[Stored entries]
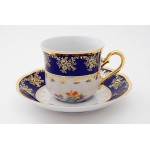Чайно-столовый сервиз Leander Мэри-Энн Кобальт 0086 Букет цветов на 6 персон 40 предметов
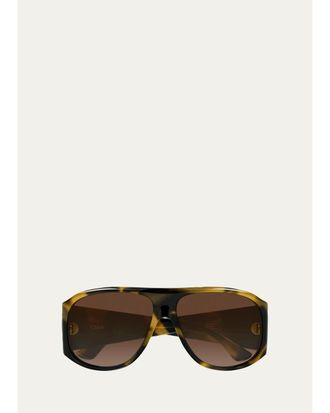 Chlo&eacute; 60MM Geometric Sunglasses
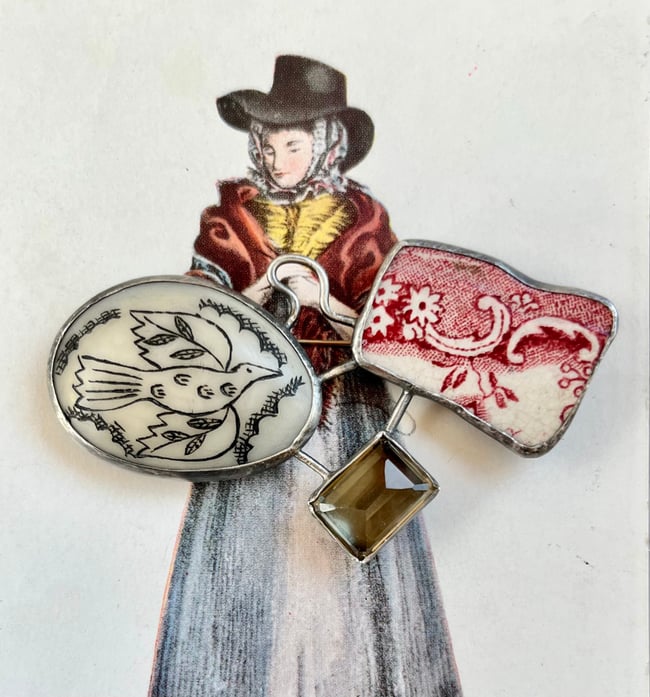 A SONG OF EARTH AND AIR BROOCH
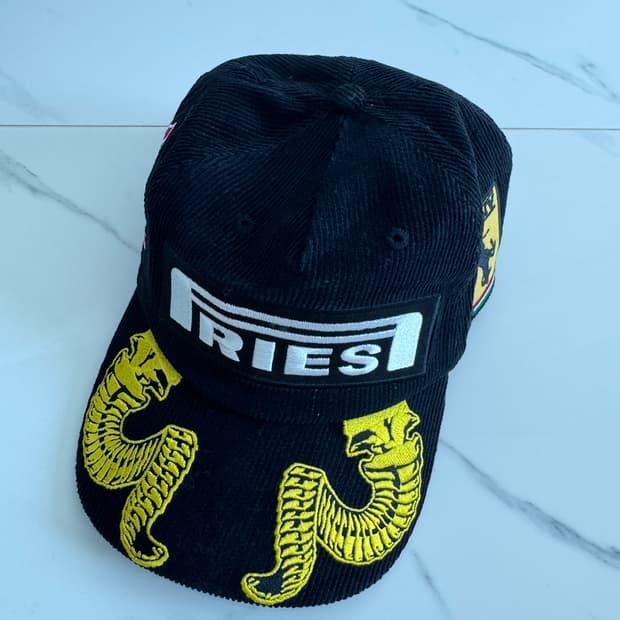 Aries moto corduroy cap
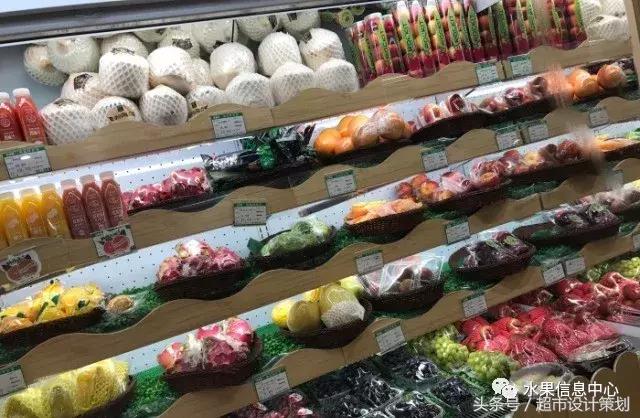 水果店水果陈列摆放销售技巧,20方长方形水果店铺陈列设计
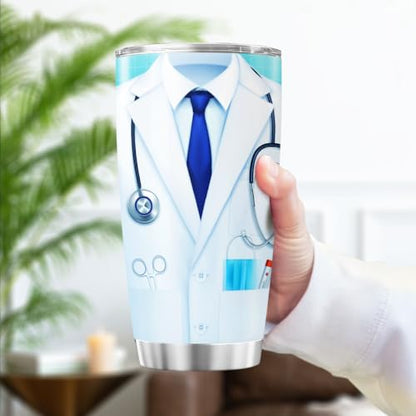 Doctor Appreciation Gift Tumbler 20oz, Inspirational Thank You Travel Mug for Medical School Graduation, Retirement, Birthday, Stainless Steel Vacuum Insulated Cup - color: Doctor Appreciation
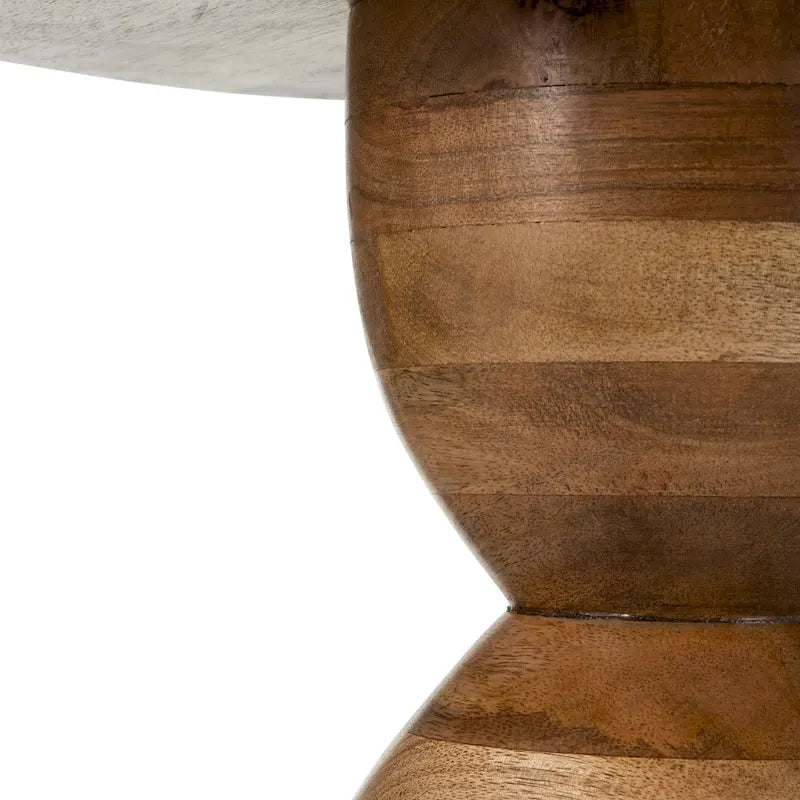Sagebrook Home Table d'appoint sablier en bois de manguier - 16 x 16 x 19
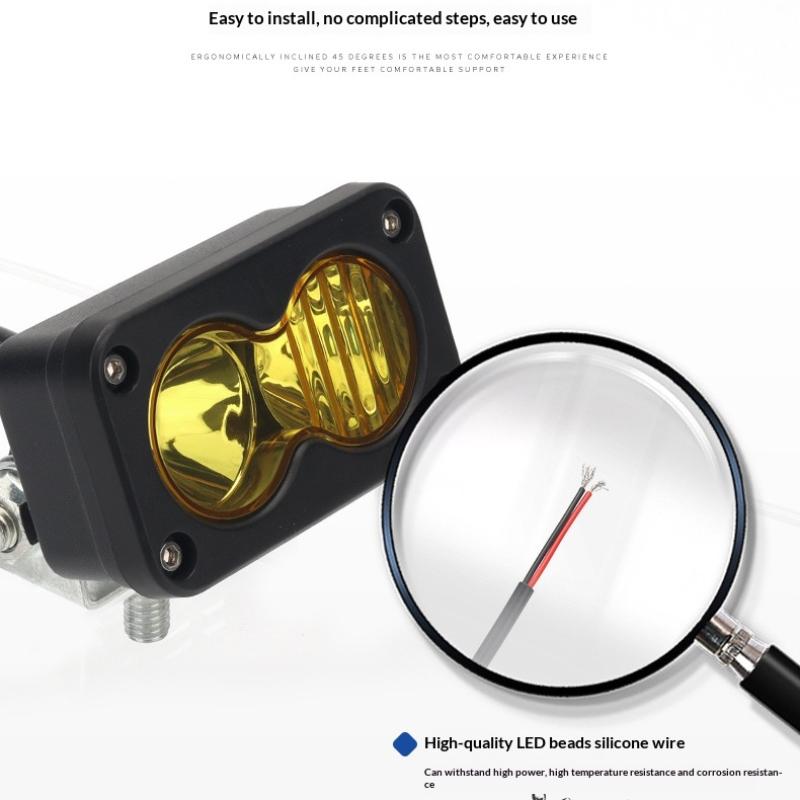 3 Inch LED Pod Spotlight Plug and Play High Brightness Light for Ridstar Q20 Motorcycle Pickup Offroad Utility Vehicle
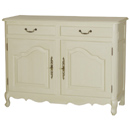 Gustavian cream painted buffet furniture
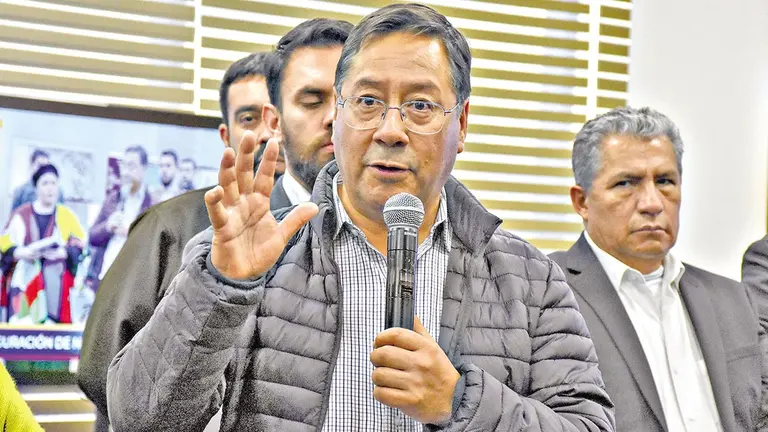 El presidente Luis Arce, en un acto pasado./ ARCHIVO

- _TASK DESCRIPTION_: Your answer must be the entries written out word for word, without their pictures.

- _SOLUTION FOR THIS PROBLEM_:
Чайно-столовый сервиз Leander Мэри-Энн Кобальт 0086 Букет цветов на 6 персон 40 предметов
 Chlo&eacute; 60MM Geometric Sunglasses
 A SONG OF EARTH AND AIR BROOCH
 Aries moto corduroy cap
 水果店水果陈列摆放销售技巧,20方长方形水果店铺陈列设计
 Doctor Appreciation Gift Tumbler 20oz, Inspirational Thank You Travel Mug for Medical School Graduation, Retirement, Birthday, Stainless Steel Vacuum Insulated Cup - color: Doctor Appreciation
Sagebrook Home Table d'appoint sablier en bois de manguier - 16 x 16 x 19
 3 Inch LED Pod Spotlight Plug and Play High Brightness Light for Ridstar Q20 Motorcycle Pickup Offroad Utility Vehicle
 Gustavian cream painted buffet furniture
 El presidente Luis Arce, en un acto pasado./ ARCHIVO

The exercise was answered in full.